Pulmonary Embolism Causes


A comprehensive overview of pulmonary embolism covering subjects as: treatment, symptoms, diagnostics, research, causes, pictures and images
Pulmonary Embolism Causes

Pulmonary embolism causes


     Pulmonary embolism is caused by obstruction of pulmonary arteries. The main cause of this obstruction is represented by emboli which are formed in a deep vein of the lower limbs and which circulates to the lung, where it remains stuck at a lower pulmonary artery.

     Over 95% of the emboli which causes pulmonary embolism is formed proximal in the deep veins of the legs (the thigh). Emboli can also come from the deep veins of the legs - distal - (from the calf and foot), but also from the deep veins of the pelvis or upper limbs. However only 20% of emboli of the thigh increase in size, become detached and move towards the proximal areas.

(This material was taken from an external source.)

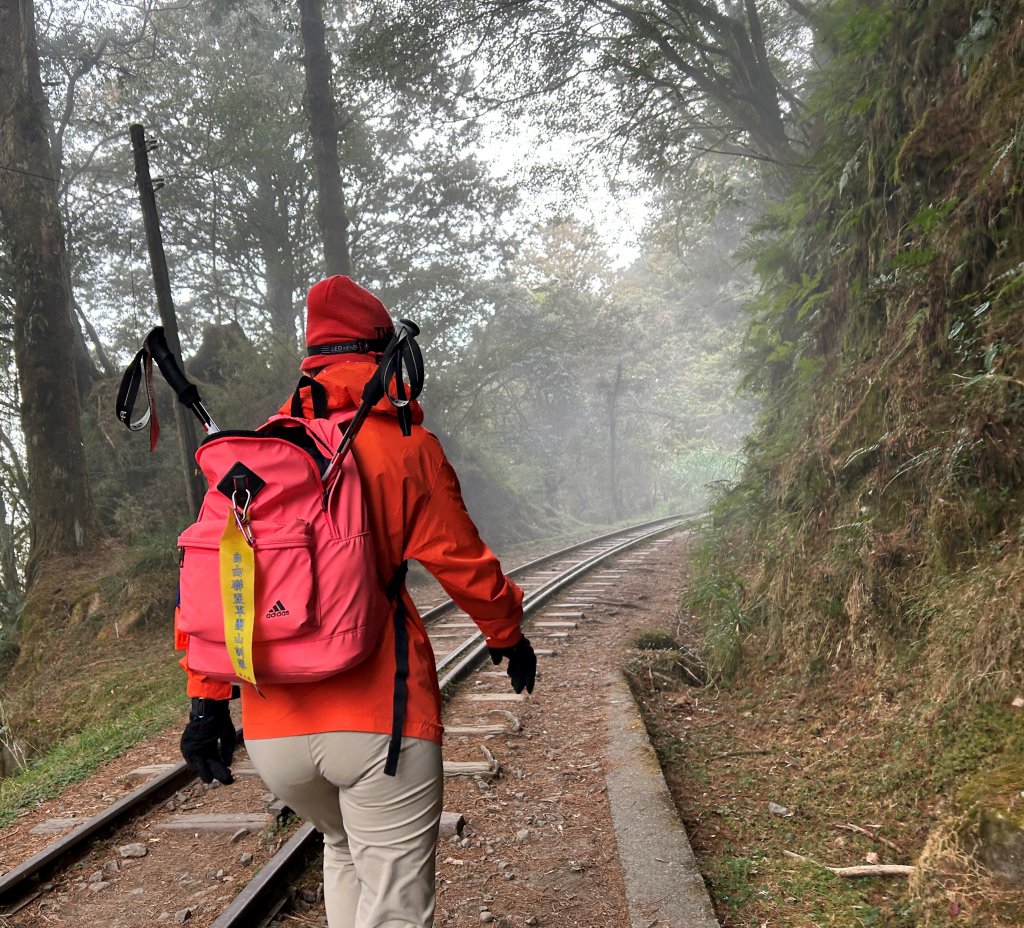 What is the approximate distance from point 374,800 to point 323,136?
594 inches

     Emboli rarely form in the superficial veins, but these are rare pulmonary embolism causes.

     In exceptional cases pulmonary embolism can be caused by other substances than thrombi:

  • Tumors resulting from the rapid growth of cancer cells
  • Gaseous embolism (air bubbles in the blood resulting from trauma or surgical maneuvers)
  • Amniotic fluid resulting from a normal or complicated birth (exceptional)
  • Infectious substance
  • Fat, which can reach the bloodstream after fractures, surgery, trauma, severe burns or other conditions
  • Foreign substances such as catheter needles (which may break during surgery), mercury, iodine, cotton.

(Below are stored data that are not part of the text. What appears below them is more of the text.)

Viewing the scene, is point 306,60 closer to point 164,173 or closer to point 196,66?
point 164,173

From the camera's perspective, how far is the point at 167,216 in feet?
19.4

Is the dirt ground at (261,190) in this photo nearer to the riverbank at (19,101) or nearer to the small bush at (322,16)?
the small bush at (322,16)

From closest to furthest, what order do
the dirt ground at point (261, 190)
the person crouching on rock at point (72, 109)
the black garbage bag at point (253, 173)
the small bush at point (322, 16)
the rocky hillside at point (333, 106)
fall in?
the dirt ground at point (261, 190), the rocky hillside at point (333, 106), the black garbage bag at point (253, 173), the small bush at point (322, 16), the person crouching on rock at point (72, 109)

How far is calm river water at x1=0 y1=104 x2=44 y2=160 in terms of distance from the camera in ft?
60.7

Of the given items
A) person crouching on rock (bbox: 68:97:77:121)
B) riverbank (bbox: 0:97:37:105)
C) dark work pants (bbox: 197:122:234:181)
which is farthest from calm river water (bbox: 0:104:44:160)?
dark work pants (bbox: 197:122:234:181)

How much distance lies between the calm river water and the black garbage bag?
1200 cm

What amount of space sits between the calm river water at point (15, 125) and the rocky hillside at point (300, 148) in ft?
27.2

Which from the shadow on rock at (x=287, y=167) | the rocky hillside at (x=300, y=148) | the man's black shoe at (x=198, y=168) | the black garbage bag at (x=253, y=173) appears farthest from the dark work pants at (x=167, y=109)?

What causes pulmonary embolism?




     Emboli are established bodies, most often a blood clot, more rarely, from other components:

  • Detached fragment of a plaque buildup
  • A group of cancer cells
  • An air bubble
  • Fat, cholesterol crystals
  • Amniotic fluid during birth (rare)
  • Some organisms (microbes, parasites)

     Thrombus is composed of cells responsible for stopping the bleeding in case of cuts, wounds, called platelets or platelets and / or oxygen carrier cells, red blood cells. They are connected by a network of fibrin. It is formed, usually in the network of deep venous leg deep-vein thrombosis (DVT). Sometimes it can come off the formation place and is trained by the moving blood, meaning that it embolus towards the bloodstream of the lungs. Here it is impacting in a bowl, which shrank so much still no longer afford to move on. This situation is characteristic of pulmonary embolism.

     Pulmonary embolism etiology largely overlaps with that of venous thrombosis (VT), pulmonary embolism is, in most cases, complication of deep vein thrombosis (DVT). In almost 90% of cases of pulmonary embolism its source is located in a DVT, especially located in the lower limbs.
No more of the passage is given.